Global Mosaic from Messenger's 2nd Flyby of Mercury

Normally, I try to stick to Io and the Jupiter system on this blog, but occasionally I do pay attention to what else is going on in the unmanned spaceflight community beyond Cassini/the Saturn system and the Jupiter system.  Last week, the MESSENGER spacecraft performed its last of three flybys of the planet Mercury before it will go into orbit around the planet in 2011.  In response to this flyby, I finally decided to piece together one of the global mosaics from last year's encounter, which covered similar territory.

This mosaic, consisting of 66 MDIS, narrow-angle camera images, was produced using a combination of ISIS3 (to calibrate and reproject each frame) and Photoshop (used to actually piece together each image).  This mosaic could have been produced, I guess, entirely in ISIS3, but I found that trying to create a coherent control network that takes into account issues of camera twist angle and readily apparent range-to-target smear was a next to impossible task (I would like to apologize now to anyone trying to use Tethys in PIRL over the last few days while I was trying to create said control point network).  The end result is the image you see at left.

Click Here to download the full resolution version of this mosaic.  It would probably be best to just right-click and save the link as the full resolution version is a 20 MB PNG image file.  Click the image above for a lower resolution version.


This mosaic is in orthographic map projection with a resolution of 0.6 kilometers (0.37 miles) per pixel.  It is centered around 2 degrees South latitude, 322 degrees East longitude.  The mosaic covers the eastern portions of the terrain covered by Mariner 10 in the 1970s as well as some terrain that wasn't revealed until the MESSENGER encounter on October 6, 2008.  This terrain includes two ray craters at upper right and lower right that had previously only been seen in low-resolution RADAR data from Earth.  The prominent ray crater just below and left of the center of the mosaic is Kuiper, previously observed by Mariner 10.

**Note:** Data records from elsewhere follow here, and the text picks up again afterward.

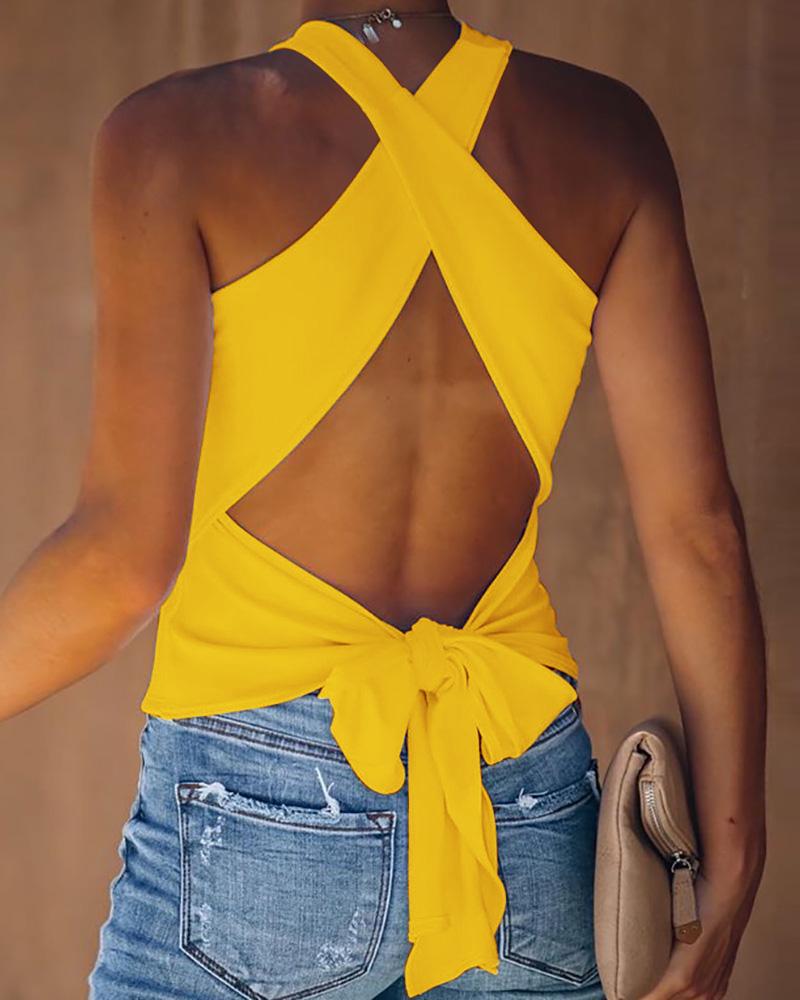 

Halter Backless Knotted Design Top, Yellow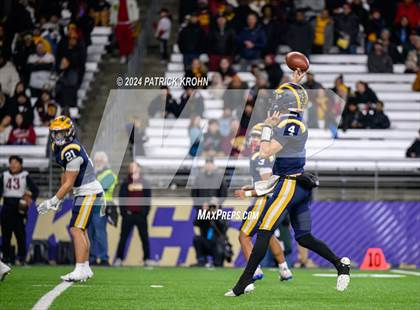 Thumbnail 2 in O'Dea @ Bellevue (WIAA 3A Final) photogallery.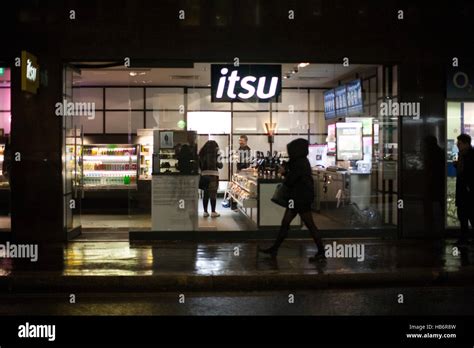 Itsu, sushi restaurant, London Stock Photo - Alamy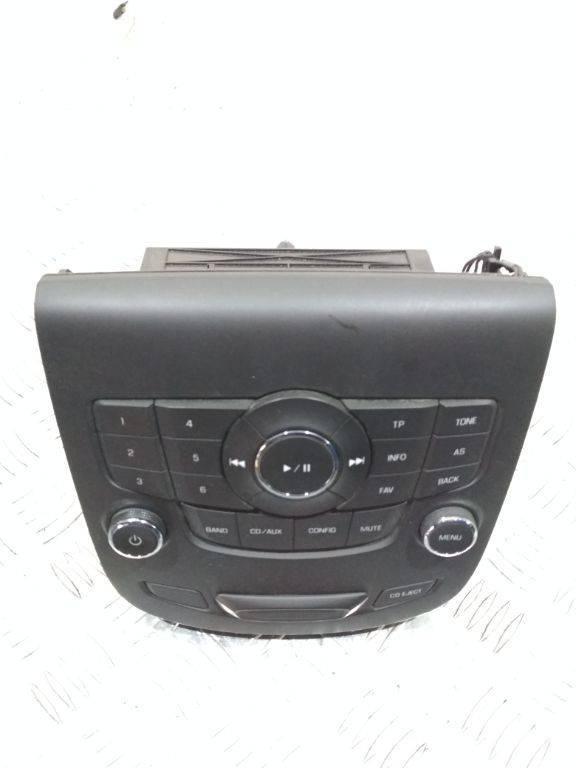 магнитола Chevrolet Orlando 1 поколение 2010, 95020065 - фото №1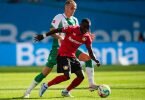 Bremens Amos Pieper (l) versucht Leverkusens Moussa Diaby vom Ball zu trennen. Foto: Marius Becker/dpa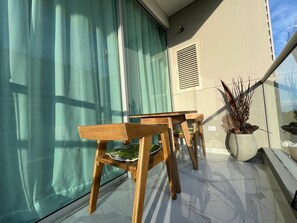 Appartement, 1 grand lit et 1 canapé-lit, accès piscine, vue ville (Suiloft 507) | Restauration extérieure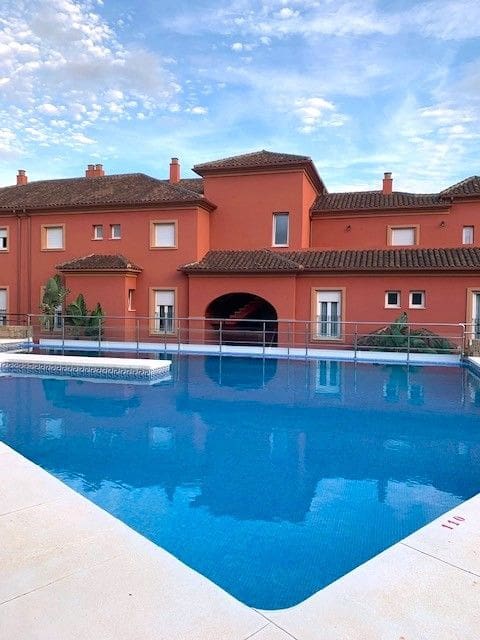 2 bedroom Apartment for sale in Pueblo Nuevo de Guadiaro with pool - € 355,000 (Ref: 9468794)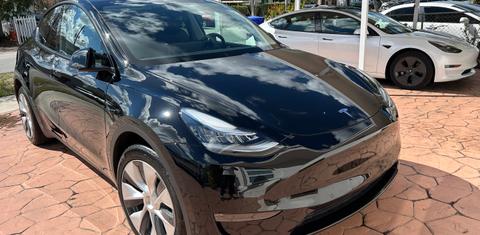 Tesla Model Y 2020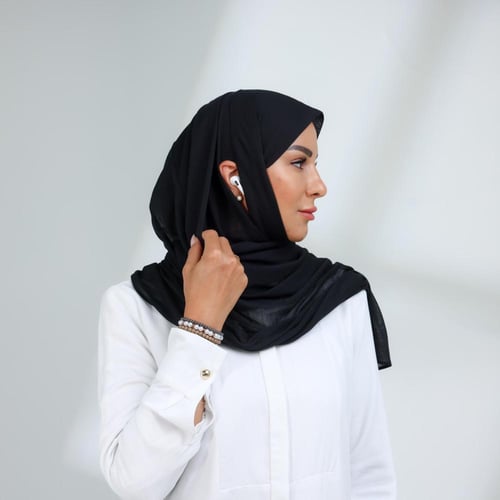 حجاب مع فتحة عند الاذن عادي - اسود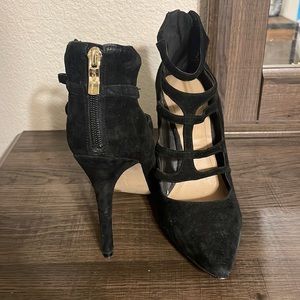 BCBG Zip Up Heels 8.5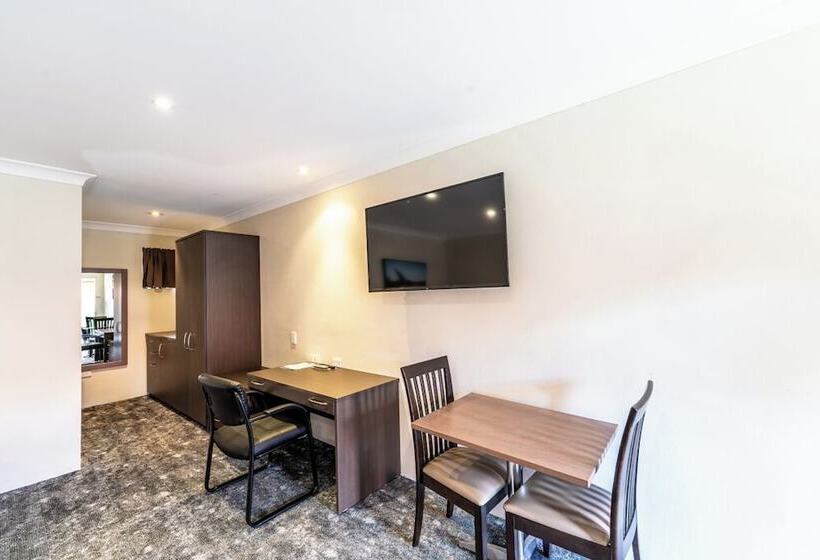 هتل Parkes International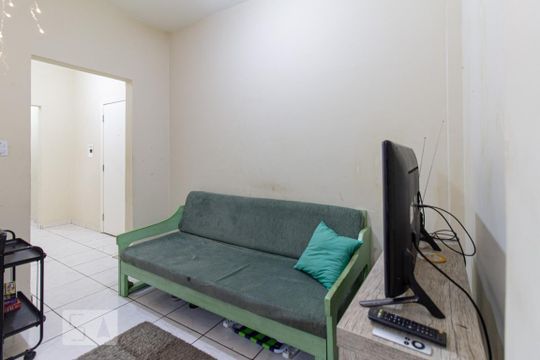 Sala de apartamento para alugar com 1 quarto, 55m² em Santa Cecília, Porto Alegre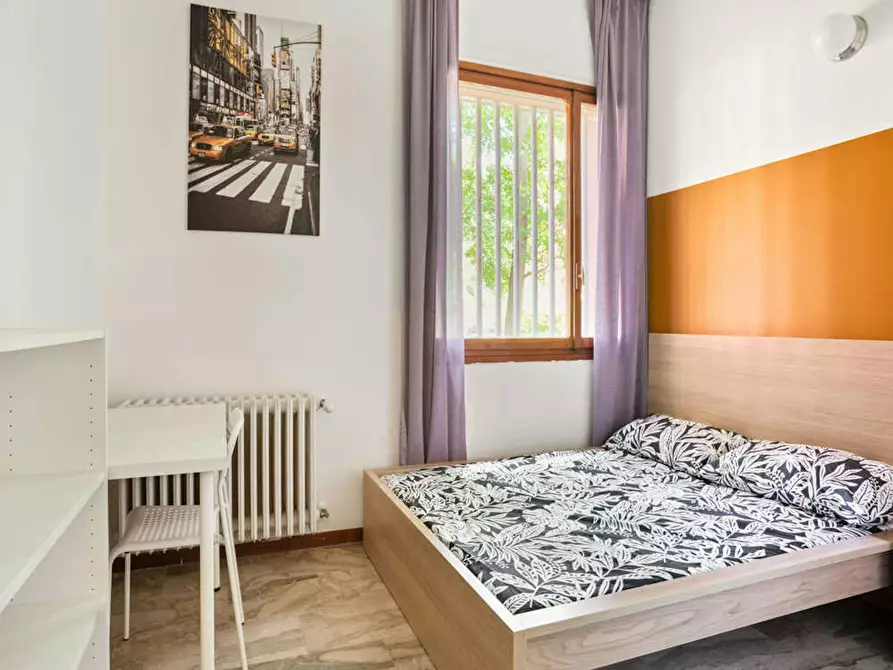 Immagine 5 di Camera in affitto  in Via delle Forze Armate a Milano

Some of the images from last week's encounter are slowly making their way to the MESSENGER home page, though versions that can be input into ISIS3 and converted into these huge mosaics won't hit the NASA PDS until sometime next year.

I hope you all enjoy this little treat.  After I get some sleep, I will post more on some of the cool features you can find while searching around this mosaic.  To be honest, my new favorite crater (at least on Mercury) has to be Rafael.  In the morning, I will talk about why.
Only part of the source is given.